Subject: Re: buffer cache memory management revision
To: Paul Kranenburg <pk@cs.few.eur.nl>
From: Jason Thorpe <thorpej@wasabisystems.com>
List: tech-kern
Date: 11/20/2003 07:45:53
On Nov 20, 2003, at 12:44 AM, Paul Kranenburg wrote:

> Therefore, I propose to revisit the age old memory management still
> employed by the buffer cache. In particular, I'd like to get rid of
> the MAXBSIZE reservation of virtual memory per buffer which is sparsely
> mapped by privately managed pool of physical pages. Currently, this
> scheme stresses MMU resources on some platforms like sun4 & sun4c.
> It also wastes a large amount kernel VM space on machines with lots of
> physical memory when the default buffer cache parameters are in use.

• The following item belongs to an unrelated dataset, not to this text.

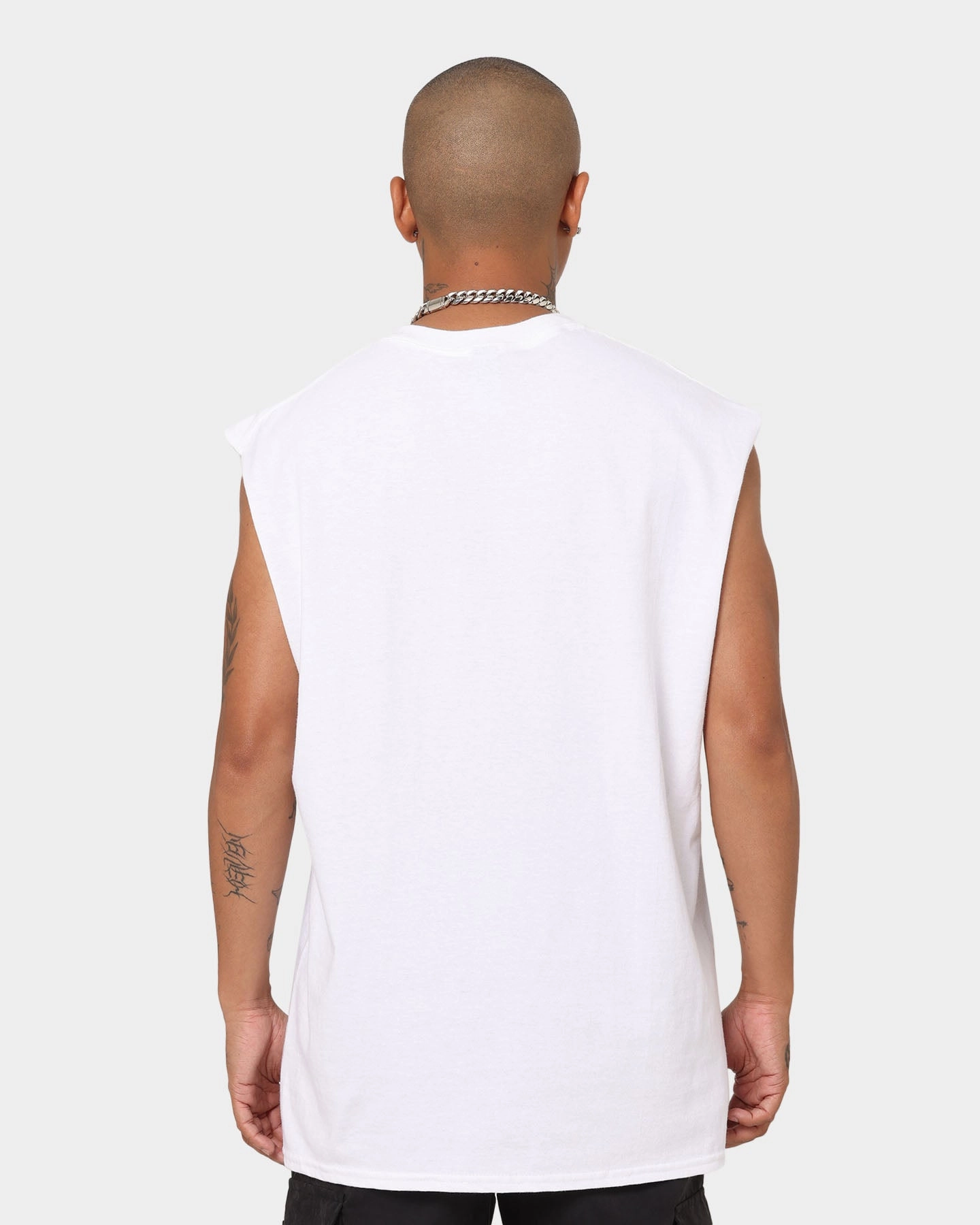 BiodegradableMaterial Recycled Polyester Blend AND1 Pass Muscle T-Shirt White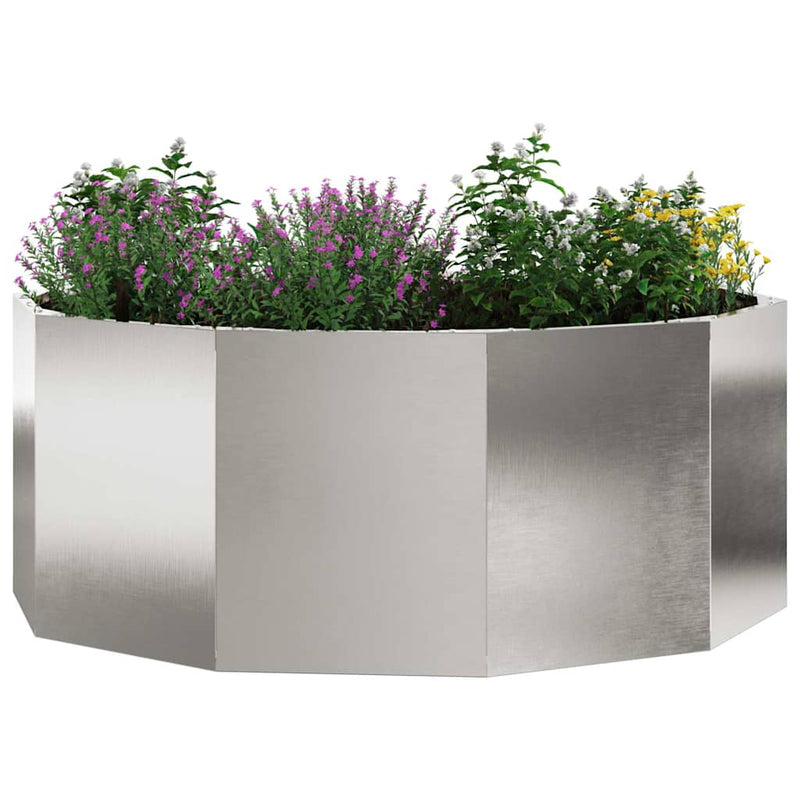 Load image into Gallery viewer, Vidaxl plantenbak zilver 90 x 90 x 35 cm roestvrij staal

This is *excellent*.  Thor has been talking about doing something like 
this for a while, and even had a sample patch that used malloc().  (I 
objected to the use of malloc() because it would put undue pressure on 
kmem_map.)

One of Thor's motivations was the fact that, to cache metadata 
effectively in some configurations (cvs.netbsd.org, in particular), you 
need a LOT of *really small* buffers.  Your patch will help achieve 
that.  This is just terrific.

> Other things to consider: use the already existing `bufpool' for buffer
> allocation possibly inserting a poolcache on top of it and then drop
> the EMPTY & AGE queues..

Yah, I think that would be a great idea.  However, if we did that, I 
think we should put an upper limit on the number of buf's that can be 
allocated via the traditional bio interface, so that the traditional 
"limit the size of the buffer cache" semantics can be preserved (i.e. 
you don't want all of your memory and KVM being chewed up by in-core 
copies of directories).  However, it could be run-time tunable using a 
sysctl.

Also something to consider there... Since you're using kernel_map, you 
can't actually free pages back from an interrupt context.  Can any of 
the functions that free pages back actually be called from interrupt 
context?  I can't really remember, but perhaps we need some assertions 
in there to catch stuff like this.

         -- Jason R. Thorpe <thorpej@wasabisystems.com>